In the resource plan it filed in April, APS predicted its resource requirement would increase by 60%. And while the plan called for the addition of 3,300 MW of renewable resources, it also identified a need for nearly 5,400 MW of new gas-fired plants.
Tucson Electric Power’s IRP also emphasized renewable resources in its plan, calling for the addition of 800 MW of renewable capacity, as well as 192 MW of gas-fired plants between 2020 and 2022.
UNS Electric’s IRP calls for the addition of roughly equal amounts, about 100 MW each, of renewable resources and gas-fired capacity.
The ACC’s action was welcomed by the Southwest Energy Efficiency Project, which said that by shutting down APS’ plans to build new gas-fired plants ratepayers would save about $300 million.

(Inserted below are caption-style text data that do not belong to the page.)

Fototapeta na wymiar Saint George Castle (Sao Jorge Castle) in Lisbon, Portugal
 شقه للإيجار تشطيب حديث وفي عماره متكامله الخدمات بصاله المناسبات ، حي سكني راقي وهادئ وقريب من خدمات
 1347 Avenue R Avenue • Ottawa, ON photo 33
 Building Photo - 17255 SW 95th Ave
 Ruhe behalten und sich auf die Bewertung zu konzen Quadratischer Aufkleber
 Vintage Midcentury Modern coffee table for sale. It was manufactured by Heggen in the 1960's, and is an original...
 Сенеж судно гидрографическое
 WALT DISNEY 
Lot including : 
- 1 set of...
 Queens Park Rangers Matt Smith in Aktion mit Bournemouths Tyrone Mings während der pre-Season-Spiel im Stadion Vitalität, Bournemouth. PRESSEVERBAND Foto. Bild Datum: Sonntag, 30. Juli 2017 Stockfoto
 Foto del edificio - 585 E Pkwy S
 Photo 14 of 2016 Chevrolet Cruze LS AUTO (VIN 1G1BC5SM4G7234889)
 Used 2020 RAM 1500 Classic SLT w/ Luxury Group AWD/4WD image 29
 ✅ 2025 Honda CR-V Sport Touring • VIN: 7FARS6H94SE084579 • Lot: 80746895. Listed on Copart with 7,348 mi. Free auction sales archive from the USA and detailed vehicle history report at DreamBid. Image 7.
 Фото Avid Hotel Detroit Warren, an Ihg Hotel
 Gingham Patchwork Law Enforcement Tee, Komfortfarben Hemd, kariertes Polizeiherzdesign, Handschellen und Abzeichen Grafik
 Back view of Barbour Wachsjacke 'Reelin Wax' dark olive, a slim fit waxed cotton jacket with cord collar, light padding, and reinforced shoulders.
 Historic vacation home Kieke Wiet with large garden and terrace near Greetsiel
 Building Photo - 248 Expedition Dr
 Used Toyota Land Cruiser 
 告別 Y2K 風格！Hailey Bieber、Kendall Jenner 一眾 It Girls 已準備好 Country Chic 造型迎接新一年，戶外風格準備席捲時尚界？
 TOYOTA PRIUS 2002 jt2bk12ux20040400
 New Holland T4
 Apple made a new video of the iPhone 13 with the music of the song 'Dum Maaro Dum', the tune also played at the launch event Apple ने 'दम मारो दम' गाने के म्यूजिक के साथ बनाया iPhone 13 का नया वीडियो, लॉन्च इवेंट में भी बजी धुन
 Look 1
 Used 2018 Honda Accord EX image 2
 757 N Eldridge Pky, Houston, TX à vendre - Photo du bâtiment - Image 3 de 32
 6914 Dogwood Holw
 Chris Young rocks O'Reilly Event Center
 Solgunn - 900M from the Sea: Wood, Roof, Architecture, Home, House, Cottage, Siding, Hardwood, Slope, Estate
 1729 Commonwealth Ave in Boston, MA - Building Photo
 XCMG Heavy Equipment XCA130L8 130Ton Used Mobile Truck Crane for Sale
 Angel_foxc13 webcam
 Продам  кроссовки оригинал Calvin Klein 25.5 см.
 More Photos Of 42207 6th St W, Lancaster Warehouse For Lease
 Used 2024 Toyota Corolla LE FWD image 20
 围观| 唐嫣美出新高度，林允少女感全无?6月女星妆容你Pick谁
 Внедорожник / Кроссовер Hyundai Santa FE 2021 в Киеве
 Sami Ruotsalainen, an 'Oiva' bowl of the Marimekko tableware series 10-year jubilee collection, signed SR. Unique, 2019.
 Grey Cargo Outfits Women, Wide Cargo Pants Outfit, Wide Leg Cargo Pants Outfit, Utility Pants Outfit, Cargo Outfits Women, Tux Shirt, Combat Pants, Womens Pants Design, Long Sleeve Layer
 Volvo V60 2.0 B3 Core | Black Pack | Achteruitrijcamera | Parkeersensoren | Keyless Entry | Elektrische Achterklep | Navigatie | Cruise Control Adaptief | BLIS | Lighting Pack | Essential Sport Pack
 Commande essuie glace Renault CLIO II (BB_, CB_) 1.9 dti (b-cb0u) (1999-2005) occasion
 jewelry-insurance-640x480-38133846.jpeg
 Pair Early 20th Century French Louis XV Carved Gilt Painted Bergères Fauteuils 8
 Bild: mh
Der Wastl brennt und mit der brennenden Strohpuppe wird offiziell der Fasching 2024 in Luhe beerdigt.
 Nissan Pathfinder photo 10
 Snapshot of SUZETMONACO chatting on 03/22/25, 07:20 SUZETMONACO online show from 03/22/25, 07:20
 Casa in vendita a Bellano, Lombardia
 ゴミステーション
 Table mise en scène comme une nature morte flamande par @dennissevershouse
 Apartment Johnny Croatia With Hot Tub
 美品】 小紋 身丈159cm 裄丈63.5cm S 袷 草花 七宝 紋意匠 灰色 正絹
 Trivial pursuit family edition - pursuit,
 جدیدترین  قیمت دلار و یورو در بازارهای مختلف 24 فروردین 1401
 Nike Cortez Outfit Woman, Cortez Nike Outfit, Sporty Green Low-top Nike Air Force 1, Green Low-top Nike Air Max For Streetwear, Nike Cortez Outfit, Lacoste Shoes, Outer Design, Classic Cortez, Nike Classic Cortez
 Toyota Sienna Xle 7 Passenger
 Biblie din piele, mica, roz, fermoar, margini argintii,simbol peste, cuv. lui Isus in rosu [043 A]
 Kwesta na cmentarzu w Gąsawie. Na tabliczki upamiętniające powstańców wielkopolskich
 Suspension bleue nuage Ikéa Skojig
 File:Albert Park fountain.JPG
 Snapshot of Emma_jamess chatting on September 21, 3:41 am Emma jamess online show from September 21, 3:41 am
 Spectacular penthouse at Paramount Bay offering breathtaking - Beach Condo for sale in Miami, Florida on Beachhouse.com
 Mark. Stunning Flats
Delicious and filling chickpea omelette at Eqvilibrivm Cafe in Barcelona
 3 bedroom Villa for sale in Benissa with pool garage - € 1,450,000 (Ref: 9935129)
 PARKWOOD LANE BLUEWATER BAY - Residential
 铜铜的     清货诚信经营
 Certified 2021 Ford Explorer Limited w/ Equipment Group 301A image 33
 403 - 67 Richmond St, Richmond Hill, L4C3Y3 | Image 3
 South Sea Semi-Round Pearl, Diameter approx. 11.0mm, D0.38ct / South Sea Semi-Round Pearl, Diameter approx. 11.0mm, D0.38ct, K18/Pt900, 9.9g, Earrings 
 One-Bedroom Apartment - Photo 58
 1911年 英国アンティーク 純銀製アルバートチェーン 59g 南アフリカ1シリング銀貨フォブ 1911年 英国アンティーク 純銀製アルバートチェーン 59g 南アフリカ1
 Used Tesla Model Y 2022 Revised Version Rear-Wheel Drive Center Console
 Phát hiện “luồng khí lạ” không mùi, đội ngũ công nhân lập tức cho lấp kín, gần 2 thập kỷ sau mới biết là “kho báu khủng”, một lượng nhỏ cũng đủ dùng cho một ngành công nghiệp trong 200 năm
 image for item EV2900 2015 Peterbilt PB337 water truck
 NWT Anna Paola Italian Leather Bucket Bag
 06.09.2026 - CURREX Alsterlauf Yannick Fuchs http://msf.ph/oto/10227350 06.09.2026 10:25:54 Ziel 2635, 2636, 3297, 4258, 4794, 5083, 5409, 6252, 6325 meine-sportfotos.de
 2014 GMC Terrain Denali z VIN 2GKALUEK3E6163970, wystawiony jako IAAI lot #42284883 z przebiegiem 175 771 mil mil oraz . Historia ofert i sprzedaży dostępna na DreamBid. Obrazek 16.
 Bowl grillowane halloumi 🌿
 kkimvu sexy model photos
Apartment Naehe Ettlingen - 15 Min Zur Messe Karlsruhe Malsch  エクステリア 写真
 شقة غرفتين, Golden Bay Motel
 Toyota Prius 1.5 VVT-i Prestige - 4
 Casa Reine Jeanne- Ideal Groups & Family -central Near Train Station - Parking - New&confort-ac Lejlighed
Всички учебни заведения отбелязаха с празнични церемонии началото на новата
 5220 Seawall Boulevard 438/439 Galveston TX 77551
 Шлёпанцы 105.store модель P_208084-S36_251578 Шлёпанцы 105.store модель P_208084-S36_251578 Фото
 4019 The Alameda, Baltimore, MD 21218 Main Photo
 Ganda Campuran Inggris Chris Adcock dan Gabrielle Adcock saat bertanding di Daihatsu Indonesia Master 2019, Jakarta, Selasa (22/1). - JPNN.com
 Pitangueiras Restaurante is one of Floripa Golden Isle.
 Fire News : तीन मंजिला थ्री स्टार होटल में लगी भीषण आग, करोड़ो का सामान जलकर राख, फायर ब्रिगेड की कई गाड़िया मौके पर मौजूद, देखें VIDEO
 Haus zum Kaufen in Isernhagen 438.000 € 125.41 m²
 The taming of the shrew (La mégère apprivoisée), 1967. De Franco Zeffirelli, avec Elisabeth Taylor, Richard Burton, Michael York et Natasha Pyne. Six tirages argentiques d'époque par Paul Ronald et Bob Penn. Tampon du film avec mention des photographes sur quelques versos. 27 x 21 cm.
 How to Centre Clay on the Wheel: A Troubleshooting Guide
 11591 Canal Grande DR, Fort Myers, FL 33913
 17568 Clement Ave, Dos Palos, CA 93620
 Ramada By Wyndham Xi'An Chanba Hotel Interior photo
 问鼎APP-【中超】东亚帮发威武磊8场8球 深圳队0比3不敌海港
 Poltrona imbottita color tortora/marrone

The ACC’s denial is “a move to ensure ratepayers aren’t on the hook for a plant they may not need,” Travis Kavulla, vice chairman of the Montana Public Service Commission and former president of the National Association of Regulatory Utility Commissioners, said in an email. “I think throughout the West there’s a lot of skepticism about new build in a time of weak demand and a lot of uncertainty on resource costs.”
Kavulla also noted that renewable resources costs are falling, but even if those declines do not fully materialize, “it seems more risky to make a big bet rather than standing pat for a time.”